I can’t tell you how many times I’ve been to see a client and the first thing they say about members of the media is ‘they never run my stuff’.
Invariably, the dialogue that follows tends to include their proclamations along the lines of:
It was a great story
I know I write very good English
I even sent a picture with it
And I told them when the event was happening (and that we were cutting a cake)
I even called eight times
I can imagine it’s enormously frustrating for a small business, seeking out publicity and determined to achieve coverage for themselves, to then gain absolutely zero recognition for their efforts.
But there are ways to combat that, and to ensure your media relationships are better preserved in the future.
Having been a journalist for many years, and then ventured into the world of PR and marketing, I like to think I can look at the issues around genuine story potential from both angles.
I can see what the client hopes to tell the world, and I can also see what the priorities of the time-strapped journalist are.
Here’s a few tips to help enhance your relationships with members of the media:
Get to know who covers what stories
Whether we’re talking about a regional newspaper, a national or a trade title, you’ll find most journalists have ‘patches’ or specialist areas. Try to find out who covers the arena you’re most concerned with, and go so far as to read content they’ve already produced on that subject matter.
Being specific about a target helps your chance of success.
Make sure your press releases are succinct but thorough
Just like you’ve been told about a CV, in the case of a press release, pages and pages are not what’s important.
What the receiving journalist wants is to be able to quickly and clearly pick up on the detail around the Who What Where Why When of your story.
Make sure you have ALL the facts. Don’t leave them with lots of holes to have to enquire about.
Give them a picture they’ll really want to use
If you’re going to issue a picture, make it one that you can really see working in that publication.
Is it sharp? Does it capture what the story is about? Does it feature human interaction? Is it slightly different or captivating.
Oh, and don’t send a journalist a file of several dozen megabytes in size. They won’t be impressed!
If you’re expecting them at an event, make sure there’s something in it for them
We know you’d like a journalist to attend the event, but they’re busy people, so there has to be a reason why your event stands out.

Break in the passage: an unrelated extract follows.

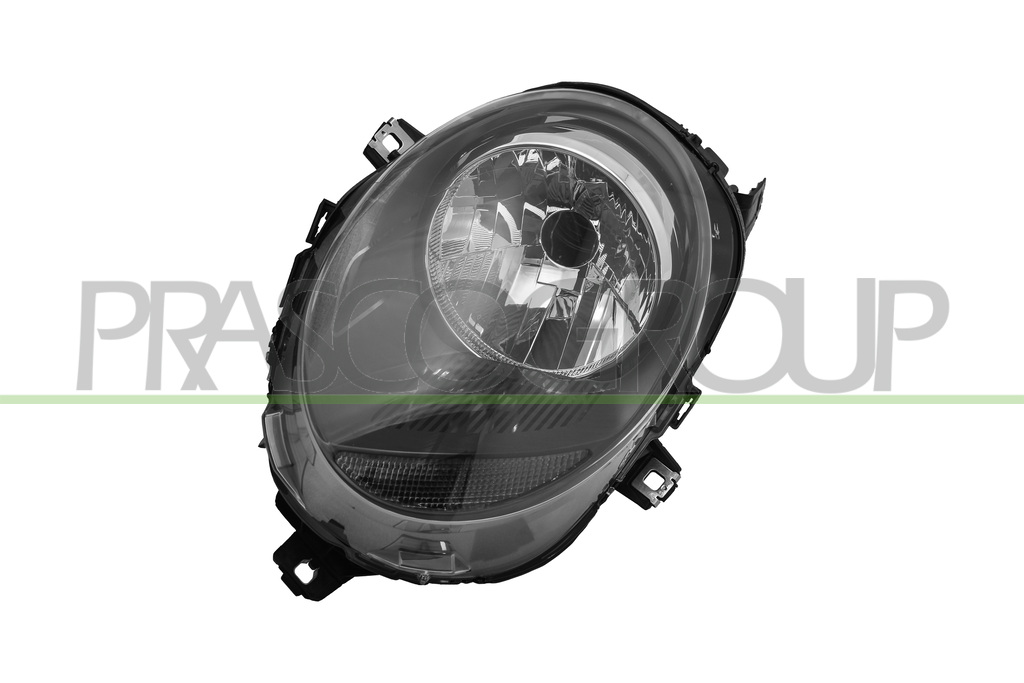PHARE GAUCHE H4-ELECTRIQUE-AVEC MOTEUR-FEU BLANC-MONTAGE VALEO MOD. 18 >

Will there be a chance to interview someone exclusively? Are you hosting something really very unusual?
Ask yourself if it is REALLY worth the journalist’s time as you plan the organisation of the event itself.
Don’t pester without reason (be appropriate)
Yes, you’ll want to check up on whether a press release has been received perhaps, but don’t turn yourself into a PR pest and constantly hound the member of the media to know when your story will run.
If you do, it’s a sure way to get their back up.
Say thanks, and stay in touch
Gratitude goes an awful long way, so remember a thank you to the journalist who runs your story.
And don’t then disappear. Maintaining contact is a really useful way of keeping the relationship going and being remembered for other potential story opportunities.